Lately, one of my favorite past times in Taiwan has been visiting local Taoist temples, which can be found in almost every nook and cranny. I rode my bike to the main Taoist temple here in Shu-lin to take some photographs of the magnificent artwork featured on every available surface within the compound. I am literally entranced by these temples and spent hours today wandering around admiring the multi-colored hues of mythical creatures and local deities. It’s like looking at a story book in real life. Each day, I’ve devoted more and more time to getting to know all the mythical faces, creatures and sacred objects that are the essense of Taoism. I’m completely and utterly captivated.
All of them are special and unique and lately, I’ve been making a real effort to seek out these wonderful places of worship just to learn the stories that each one tells. It has inspired me to do more research into the wonderful world of Taiwanese folktales and legends. In addition to being places of devotion, temples in Taiwan are magnificent displays of art. There are sculptures, paintings, lanterns, statues and ceramics encompassing one breathtaking and unique space. These majestic works of art are primarily for guiding worshippers on the path towards spiritual enlightenment, but anyone can go to experience these most unusual and defining works of art in Taiwan.
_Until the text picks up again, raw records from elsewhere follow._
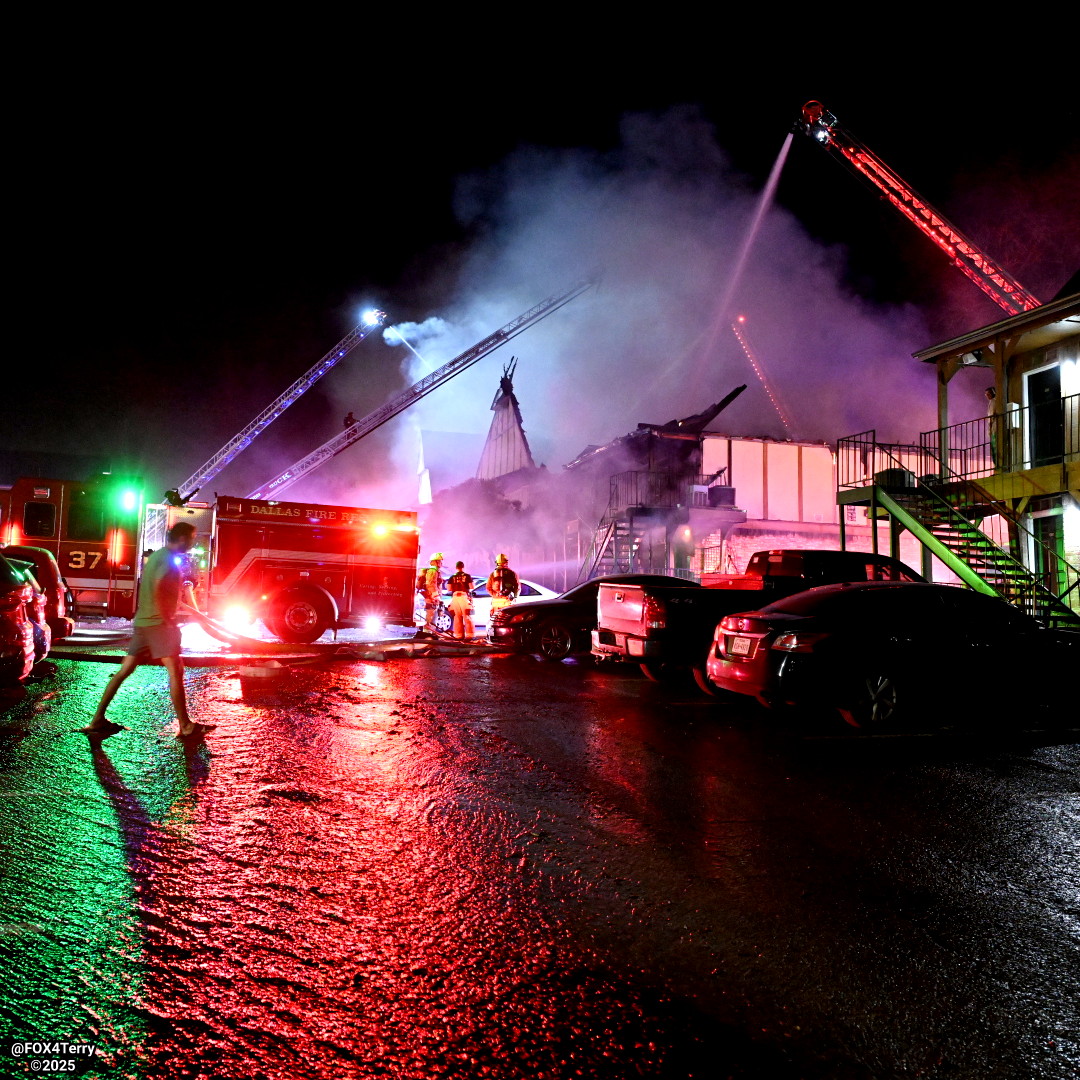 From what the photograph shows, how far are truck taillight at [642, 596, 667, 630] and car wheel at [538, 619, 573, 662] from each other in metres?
3.79

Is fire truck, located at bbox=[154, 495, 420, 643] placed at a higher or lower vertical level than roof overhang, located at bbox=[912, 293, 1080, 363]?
lower

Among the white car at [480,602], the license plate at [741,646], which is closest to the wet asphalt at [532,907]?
the license plate at [741,646]

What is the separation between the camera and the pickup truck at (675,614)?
30.8ft

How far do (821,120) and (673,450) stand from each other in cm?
1705

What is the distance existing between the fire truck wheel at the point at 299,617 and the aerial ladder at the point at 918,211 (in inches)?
1101

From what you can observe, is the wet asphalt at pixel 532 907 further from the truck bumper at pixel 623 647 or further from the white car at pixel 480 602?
the white car at pixel 480 602

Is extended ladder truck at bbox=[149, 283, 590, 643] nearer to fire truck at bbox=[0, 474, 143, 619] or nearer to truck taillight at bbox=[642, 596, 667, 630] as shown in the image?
fire truck at bbox=[0, 474, 143, 619]

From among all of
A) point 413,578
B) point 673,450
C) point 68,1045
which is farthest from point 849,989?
point 673,450

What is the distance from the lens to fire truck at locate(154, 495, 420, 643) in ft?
45.6

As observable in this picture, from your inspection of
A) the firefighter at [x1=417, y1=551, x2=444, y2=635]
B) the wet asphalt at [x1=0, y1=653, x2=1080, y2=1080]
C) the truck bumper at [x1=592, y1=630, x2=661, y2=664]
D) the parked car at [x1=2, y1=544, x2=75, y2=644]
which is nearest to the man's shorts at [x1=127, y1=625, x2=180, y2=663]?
the wet asphalt at [x1=0, y1=653, x2=1080, y2=1080]

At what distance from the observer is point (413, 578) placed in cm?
1463

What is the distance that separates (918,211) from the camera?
103 feet

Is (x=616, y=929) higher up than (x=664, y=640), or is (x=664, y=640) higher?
(x=664, y=640)

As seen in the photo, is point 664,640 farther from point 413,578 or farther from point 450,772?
point 413,578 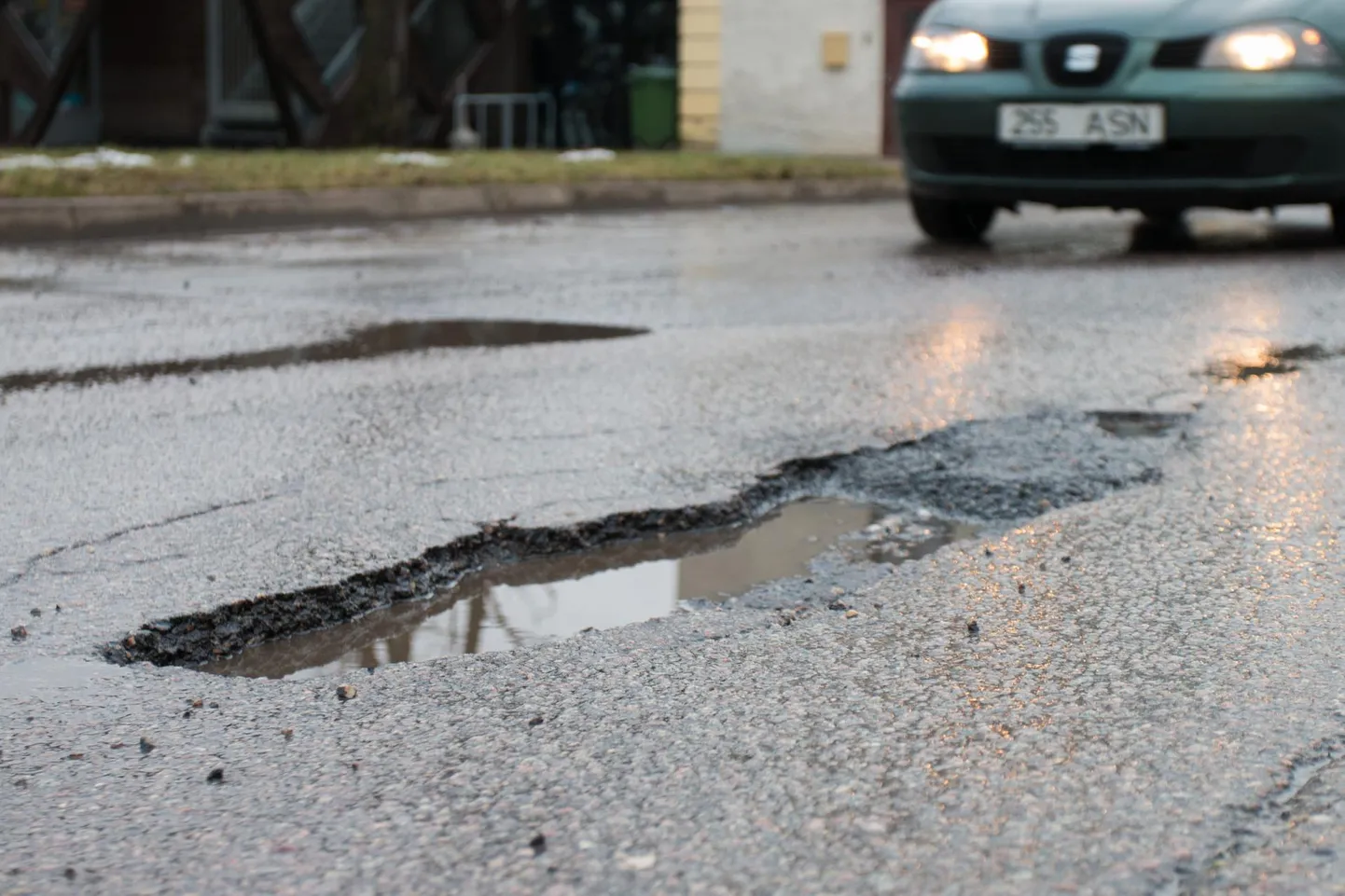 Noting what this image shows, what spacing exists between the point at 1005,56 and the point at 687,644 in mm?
5542

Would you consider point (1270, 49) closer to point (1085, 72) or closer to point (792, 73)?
point (1085, 72)

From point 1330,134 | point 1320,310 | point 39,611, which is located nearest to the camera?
point 39,611

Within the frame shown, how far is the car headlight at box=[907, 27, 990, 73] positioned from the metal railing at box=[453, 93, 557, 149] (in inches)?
414

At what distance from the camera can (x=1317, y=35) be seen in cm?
720

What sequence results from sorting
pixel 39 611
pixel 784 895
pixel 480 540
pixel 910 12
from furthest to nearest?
pixel 910 12
pixel 480 540
pixel 39 611
pixel 784 895

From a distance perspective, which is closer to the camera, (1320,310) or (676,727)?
(676,727)

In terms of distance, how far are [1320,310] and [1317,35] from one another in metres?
1.93

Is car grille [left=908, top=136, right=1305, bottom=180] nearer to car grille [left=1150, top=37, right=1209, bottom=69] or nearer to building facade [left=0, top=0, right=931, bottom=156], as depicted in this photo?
car grille [left=1150, top=37, right=1209, bottom=69]

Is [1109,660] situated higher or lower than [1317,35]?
lower

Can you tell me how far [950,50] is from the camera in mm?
7637

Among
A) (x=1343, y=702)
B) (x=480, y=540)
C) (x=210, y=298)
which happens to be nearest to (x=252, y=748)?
(x=480, y=540)

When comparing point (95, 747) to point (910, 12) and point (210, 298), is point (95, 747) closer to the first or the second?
point (210, 298)

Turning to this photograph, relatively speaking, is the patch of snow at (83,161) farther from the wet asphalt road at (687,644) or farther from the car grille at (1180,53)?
the car grille at (1180,53)

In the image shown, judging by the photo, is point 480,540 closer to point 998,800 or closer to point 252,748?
point 252,748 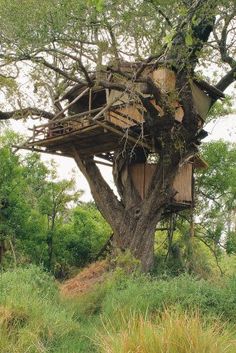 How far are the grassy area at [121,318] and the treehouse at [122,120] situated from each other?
4084 mm

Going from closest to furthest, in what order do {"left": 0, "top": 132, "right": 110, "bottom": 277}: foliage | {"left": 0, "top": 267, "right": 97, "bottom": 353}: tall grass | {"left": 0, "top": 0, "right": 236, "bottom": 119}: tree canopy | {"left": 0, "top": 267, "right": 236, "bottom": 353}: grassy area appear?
{"left": 0, "top": 267, "right": 236, "bottom": 353}: grassy area < {"left": 0, "top": 267, "right": 97, "bottom": 353}: tall grass < {"left": 0, "top": 0, "right": 236, "bottom": 119}: tree canopy < {"left": 0, "top": 132, "right": 110, "bottom": 277}: foliage

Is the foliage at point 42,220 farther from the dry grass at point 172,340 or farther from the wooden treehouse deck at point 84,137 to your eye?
the dry grass at point 172,340

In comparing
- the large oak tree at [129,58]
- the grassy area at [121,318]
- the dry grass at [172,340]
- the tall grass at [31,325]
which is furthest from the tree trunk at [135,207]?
the dry grass at [172,340]

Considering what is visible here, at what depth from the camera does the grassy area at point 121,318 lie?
17.0 ft

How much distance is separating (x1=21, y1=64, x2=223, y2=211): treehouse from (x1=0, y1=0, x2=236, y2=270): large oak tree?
0.20 metres

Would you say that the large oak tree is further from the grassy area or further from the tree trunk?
the grassy area

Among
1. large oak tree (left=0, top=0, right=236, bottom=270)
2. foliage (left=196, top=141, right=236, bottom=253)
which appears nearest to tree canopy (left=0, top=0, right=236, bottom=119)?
large oak tree (left=0, top=0, right=236, bottom=270)


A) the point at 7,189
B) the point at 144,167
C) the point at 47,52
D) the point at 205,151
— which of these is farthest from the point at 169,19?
the point at 205,151

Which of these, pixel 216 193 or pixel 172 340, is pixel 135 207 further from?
pixel 172 340

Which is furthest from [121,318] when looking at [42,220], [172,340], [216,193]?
[216,193]

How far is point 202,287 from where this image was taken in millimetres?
8953

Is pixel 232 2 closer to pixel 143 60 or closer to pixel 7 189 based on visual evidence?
pixel 143 60

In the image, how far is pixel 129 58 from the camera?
11594 mm

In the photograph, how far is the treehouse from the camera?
1222 cm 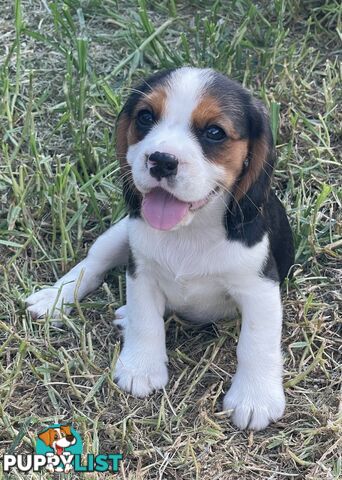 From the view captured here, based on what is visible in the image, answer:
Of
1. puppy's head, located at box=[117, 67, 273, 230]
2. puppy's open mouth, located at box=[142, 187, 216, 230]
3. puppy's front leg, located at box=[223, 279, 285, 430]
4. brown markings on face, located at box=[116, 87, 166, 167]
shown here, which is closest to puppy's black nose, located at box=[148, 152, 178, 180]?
puppy's head, located at box=[117, 67, 273, 230]

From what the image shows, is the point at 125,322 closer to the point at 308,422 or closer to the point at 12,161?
the point at 308,422

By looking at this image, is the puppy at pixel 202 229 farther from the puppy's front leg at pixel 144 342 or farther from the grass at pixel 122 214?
the grass at pixel 122 214

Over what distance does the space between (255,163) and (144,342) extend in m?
1.30

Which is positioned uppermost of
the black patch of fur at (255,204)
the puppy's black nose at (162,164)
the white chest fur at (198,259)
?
the puppy's black nose at (162,164)

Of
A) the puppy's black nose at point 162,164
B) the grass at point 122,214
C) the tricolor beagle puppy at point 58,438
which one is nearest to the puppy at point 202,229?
the puppy's black nose at point 162,164

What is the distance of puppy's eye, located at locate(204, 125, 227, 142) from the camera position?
14.5 ft

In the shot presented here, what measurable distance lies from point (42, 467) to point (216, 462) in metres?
0.94

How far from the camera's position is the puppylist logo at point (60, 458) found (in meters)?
4.52

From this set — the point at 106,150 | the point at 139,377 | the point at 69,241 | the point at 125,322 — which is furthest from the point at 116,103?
the point at 139,377

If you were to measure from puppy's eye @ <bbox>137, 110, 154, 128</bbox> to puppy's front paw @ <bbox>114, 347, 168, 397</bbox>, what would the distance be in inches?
55.3

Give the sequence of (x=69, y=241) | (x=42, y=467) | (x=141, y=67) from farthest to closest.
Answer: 1. (x=141, y=67)
2. (x=69, y=241)
3. (x=42, y=467)

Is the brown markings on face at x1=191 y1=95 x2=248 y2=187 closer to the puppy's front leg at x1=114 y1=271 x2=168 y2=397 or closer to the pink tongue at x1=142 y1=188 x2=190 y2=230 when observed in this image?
the pink tongue at x1=142 y1=188 x2=190 y2=230

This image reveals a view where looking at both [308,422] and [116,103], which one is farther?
[116,103]

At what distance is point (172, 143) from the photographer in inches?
168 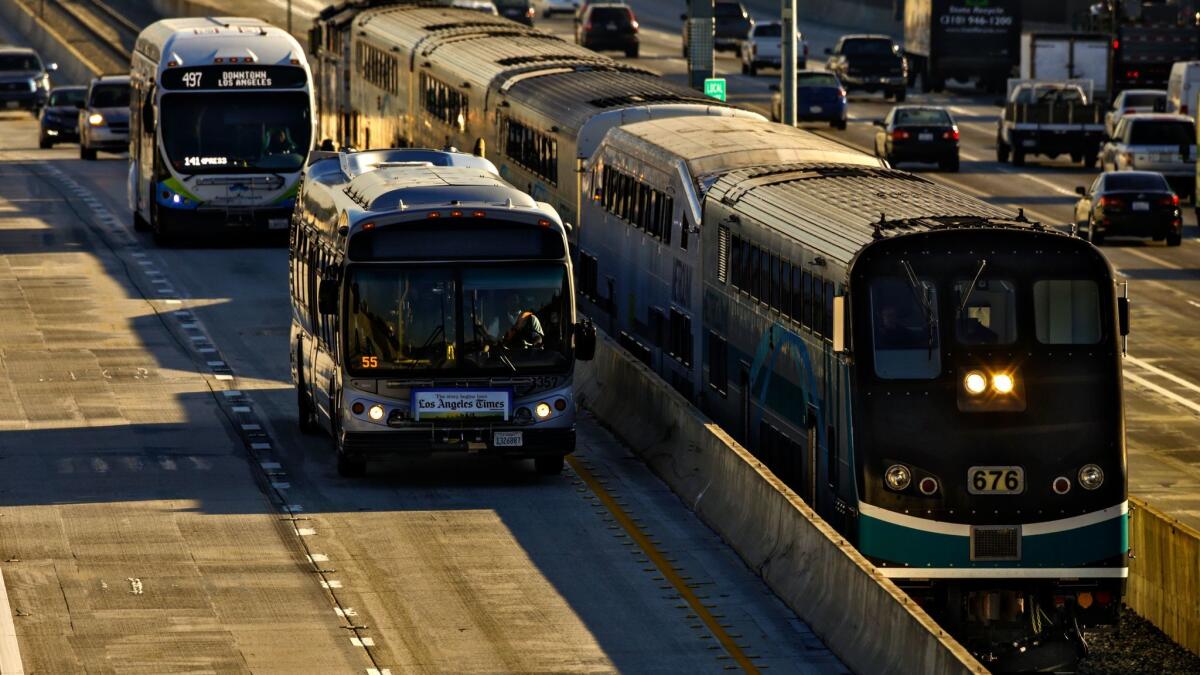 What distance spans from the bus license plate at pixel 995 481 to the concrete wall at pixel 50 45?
66112 mm

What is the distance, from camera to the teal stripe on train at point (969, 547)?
799 inches

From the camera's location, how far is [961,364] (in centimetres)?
2067

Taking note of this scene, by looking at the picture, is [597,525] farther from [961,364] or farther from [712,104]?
[712,104]

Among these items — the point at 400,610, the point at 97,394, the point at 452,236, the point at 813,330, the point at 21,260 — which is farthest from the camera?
the point at 21,260

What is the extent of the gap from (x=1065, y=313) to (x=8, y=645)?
27.5ft

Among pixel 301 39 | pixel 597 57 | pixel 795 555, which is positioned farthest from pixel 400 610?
pixel 301 39

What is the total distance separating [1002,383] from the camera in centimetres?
2059

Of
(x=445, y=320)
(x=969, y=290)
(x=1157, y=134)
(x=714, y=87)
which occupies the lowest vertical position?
(x=1157, y=134)

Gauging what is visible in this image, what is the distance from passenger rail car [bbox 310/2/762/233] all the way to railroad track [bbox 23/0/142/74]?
24.1 m

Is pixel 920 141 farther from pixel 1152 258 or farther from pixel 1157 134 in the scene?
pixel 1152 258

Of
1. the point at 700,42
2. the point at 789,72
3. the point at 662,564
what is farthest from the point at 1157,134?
the point at 662,564

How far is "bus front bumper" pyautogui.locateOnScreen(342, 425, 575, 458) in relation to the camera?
24797 millimetres

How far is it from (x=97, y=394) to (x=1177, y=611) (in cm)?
1393

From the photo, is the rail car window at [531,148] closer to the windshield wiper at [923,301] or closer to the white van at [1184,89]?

These magnificent dragons encircle a flaming pearl. Dragons are revered as gods throughout China and Taiwan. You can find dragon images almost everywhere you look. Dragons represent cosmic energy, as well as imperial wisdom, which is why they are often used to represent the Emperor. There are several enchanting stories about dragons and pearls. Sometimes the pearl is depicted as the moon. It is thought that dragons are obsessed with the moon because they believe it is a giant pearl. Several stories tell of dragons going insane from trying to remove the moon from the night sky. The pearl is also thought to represent a dragon’s wisdom, hence the term, ‘pearls of wisdom’. If you’d like to learn more about dragon mythology, this website has some wonderful stories.
This is just one of the local deities that can be found at the entrance of one of the local temples here in Shu-lin City on Bao-An Jie. I counted eight in total. Perhaps they are the Eight Immortals? I don’t really know enough about this legend to make an educated guess. What I do know is that each temple has its own special gods and guardians that provide protection to the area in question.
I came across a lovely hand-carved stone peacock on the back of one of the walls. It isn’t immediately discernible to the public eye unless you are specifically looking for it. Then I started to notice peacocks and the image of the phoenix everywhere. Peacocks represent dignity and beauty. They are often associated with grand ladies. The dowager Empress of China, Tzu-Hsi, was a fervent admirer of peacocks.
The symbolism and stories associated with these temples are simple and romantic. They offer a wonderful glimpse into the heart of Taiwanese culture and religion. These temples are just one of many things that make Taiwan truly special.